Return a copy of every line in the records that includes the word "Games".

Provided entries
──────
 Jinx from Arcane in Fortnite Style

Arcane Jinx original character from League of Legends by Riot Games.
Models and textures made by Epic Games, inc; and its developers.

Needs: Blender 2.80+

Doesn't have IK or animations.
──────
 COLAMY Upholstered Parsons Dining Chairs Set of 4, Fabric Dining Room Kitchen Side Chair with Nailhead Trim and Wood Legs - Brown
──────
Finished exercise
Arcane Jinx original character from League of Legends by Riot Games.
Models and textures made by Epic Games, inc; and its developers.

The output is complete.